The first of these policies, the 2022 U.S. Inflation Reduction Act, is a monumental piece of legislation that’s supercharging the clean economy and cutting climate pollution south of the border. Alongside two other bills that passed with bipartisan support (the Bipartisan Infrastructure Deal and the CHIPS and Science Act), it’s reorienting the North American economy in fundamental ways.
The U.S. has seen $225 billion in clean growth investment over the past year, according to the Clean Investment Monitor, which tracks these developments in detail. That represents a huge increase—up 38 per cent from the previous year— and includes tangible investments in every corner of the country to support things like clean energy manufacturing and deployment, electric vehicle uptake and supply chains, building electrification, and more.
This transformation in the industrial strategy of our largest trading partner matters a great deal for Canada’s future prosperity — the Business Council of Canada calling it a “game-changer” and a “tectonic shift.” It piles onto a broader global trend that has seen exponential growth in clean sectors worldwide. In China, investment in clean energy sectors was almost as large as total global investments in fossil fuel supply last year, making clean energy the largest driver in the country’s economic growth in 2023.
The second development shaping Canada’s economic prospects is the arrival of carbon border adjustments in Europe. Carbon border adjustments are basically tariffs on imported goods that don’t price-in the cost of their climate pollution through a carbon price.
The European Union began phasing in its carbon tariff last October, and will eventually apply the carbon price that domestic manufacturers already face to imported goods coming from places like Canada—unless they have an equivalent carbon price in their home country. The United Kingdom is also poised to follow suit with its own carbon border adjustment by 2027.
There’s even a growing chance that America implements something similar. In the U.S., there have already been four pieces of legislation related to carbon border adjustments put forward for lawmakers to consider. Betting Canada’s prosperity on none of these proposals coming into law is a remarkably risky prospect.

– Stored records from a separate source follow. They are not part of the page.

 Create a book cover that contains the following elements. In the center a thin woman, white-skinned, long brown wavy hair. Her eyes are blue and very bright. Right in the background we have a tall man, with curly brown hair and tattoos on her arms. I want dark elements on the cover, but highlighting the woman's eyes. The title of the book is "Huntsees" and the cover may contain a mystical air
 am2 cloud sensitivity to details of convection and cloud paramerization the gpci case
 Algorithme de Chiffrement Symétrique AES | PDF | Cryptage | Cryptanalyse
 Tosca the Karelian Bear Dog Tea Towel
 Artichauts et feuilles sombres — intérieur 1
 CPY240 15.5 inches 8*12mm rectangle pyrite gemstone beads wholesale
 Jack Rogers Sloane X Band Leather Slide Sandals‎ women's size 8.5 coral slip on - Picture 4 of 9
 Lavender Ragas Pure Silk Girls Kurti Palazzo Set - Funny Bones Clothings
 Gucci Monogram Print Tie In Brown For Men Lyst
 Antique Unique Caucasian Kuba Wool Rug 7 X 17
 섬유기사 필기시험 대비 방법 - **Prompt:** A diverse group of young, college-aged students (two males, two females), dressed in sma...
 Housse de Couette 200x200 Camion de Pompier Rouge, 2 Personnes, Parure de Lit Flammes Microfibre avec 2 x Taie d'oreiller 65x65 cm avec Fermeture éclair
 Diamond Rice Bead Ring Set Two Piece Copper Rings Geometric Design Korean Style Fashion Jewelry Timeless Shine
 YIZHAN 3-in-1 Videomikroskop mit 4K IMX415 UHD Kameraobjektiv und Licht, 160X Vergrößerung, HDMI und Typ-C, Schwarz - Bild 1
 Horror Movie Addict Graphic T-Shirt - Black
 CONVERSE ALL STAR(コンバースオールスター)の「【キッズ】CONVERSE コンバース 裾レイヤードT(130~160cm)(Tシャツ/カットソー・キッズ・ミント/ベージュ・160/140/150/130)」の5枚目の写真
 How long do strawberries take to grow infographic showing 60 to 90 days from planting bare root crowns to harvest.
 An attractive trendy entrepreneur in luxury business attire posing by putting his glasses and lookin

The U.S. is Canada’s largest trading partner, and the European Union and the U.K. its second and third respectively. Maintaining and strengthening Canada’s industrial carbon pricing system to align with these announcements is an absolute necessity for Canadian competitiveness.
Industrial carbon pricing supports competitiveness on three fronts. First, if designed well, it means lower-polluting firms can generate and sell credits, allowing them to compete with the U.S. Second, it can keep carbon tariffs off our exports to our largest trading partners. And third, it has been designed to create incentives for more heavily polluting firms to reduce emissions without undermining their competitiveness.
Taken together, these developments make abundantly clear that for Canada, good climate policy is good economic policy. This is especially true for our large, export-oriented industries. The economic case for keeping in place strong policies like industrial carbon pricing and other smart regulations, as well as targeted incentives to spur the clean transition here at home, has never been stronger.
Significantly, even given the volatile political winds blowing this year, carbon border adjustments in Europe and the U.K. have significant support from conservative parties. And the U.S. Inflation Reduction Act is unlikely to be dismantled even if the Republicans prevail in the November election.
Here’s the bottom line: the die is cast on the global clean energy transition. Momentum is building and business is demanding access to clean electricity and clean supply chains as a must-have for investment.
Canada lets itself fall behind at its peril.